Prada stirred up buzz with it in its high-tech Manhattan store. German retailer Metro AG is promoting it in its new "Store of the Future" concept. Other big-name retailers have run pilots on it, including Wal-Mart, Target, Home Depot, Gap, CVS and Benetton Group. What's the new technology buzz on everybody's
mind these days? Radio Frequency Identification (RFID) tags, or "smart tags," for short.
RFID tags are small tracking devices attached to products that function as a new alternative to today's bar code. But in contrast to a standard UPC system, the Electronic Product Code (EPC) system enables retailers and distributors to pinpoint individual items on a shelf for greater inventory efficiency. The tag itself, which consists of a chip and an antenna, is about the size of a postage stamp and is read by a wireless tag reader—either shelf-based or hand-held. The bigger the tag, the longer the range a tag can be read from a reader. A 1-in. tag, for example, might only be read at a 3-ft. or 4-ft. range, whereas a 3-in. tag might have a read range of more like 15 ft. to 20 ft.

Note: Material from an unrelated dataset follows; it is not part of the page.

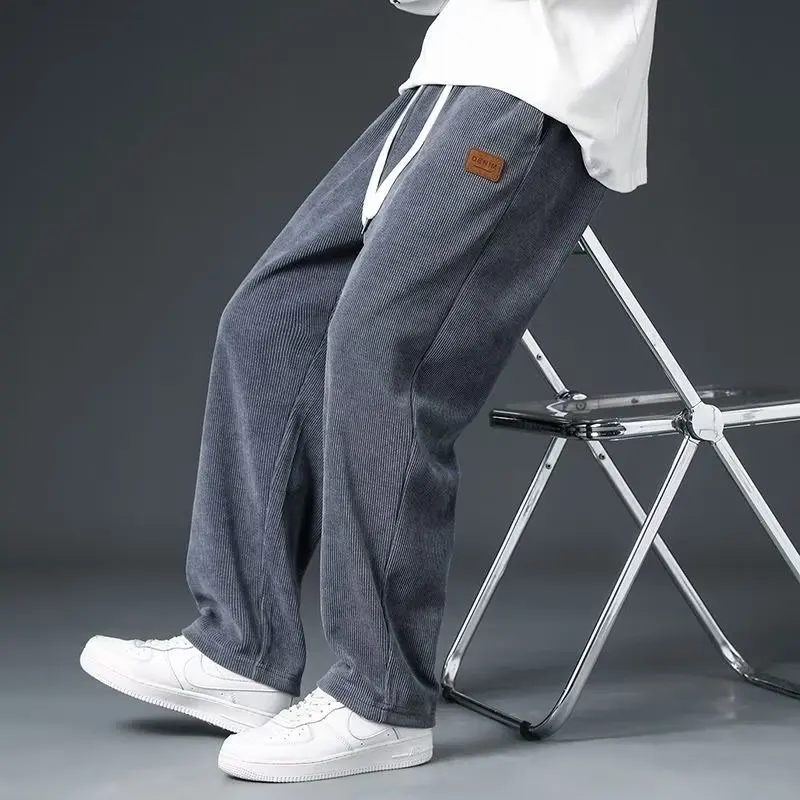

Men Fleece Casual Pants Thick Warm Corduroy Sweatpants Autumn Winter Drawstring Straight Trousers Outdoor Streetwear Casual Pant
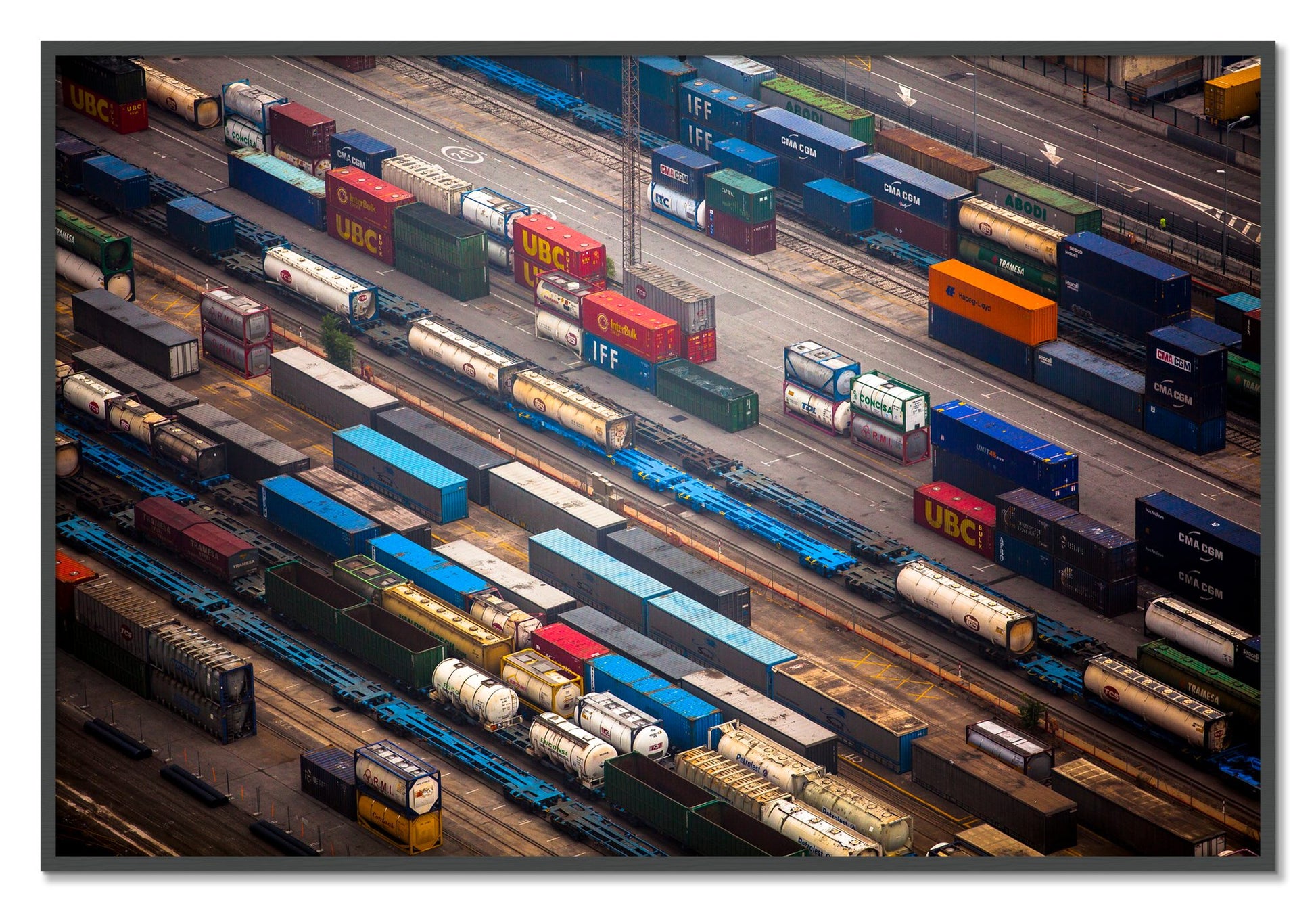 Framed photograph of Distribute by Dylan Ozanich, Grey frame, Full Bleed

As RFID technology begins to take off in the retail industry, the benefits—from inventory tracking to shelf management and labor cutbacks—are becoming more and more discernable. "The common benefit across all retail sectors is the ability to take inventory at the shelf level to make sure you have the correct mix of product," says Tom Coyle, vice president of sales and marketing, supply chain management for Matrics, an RFID manufacturer based in Columbia, Md. "The idea is you can do inventories at night and keep track of your inventory on the sales floor to assure that you have the appropriate mix of (apparel) size 6, 8 and 10, for example."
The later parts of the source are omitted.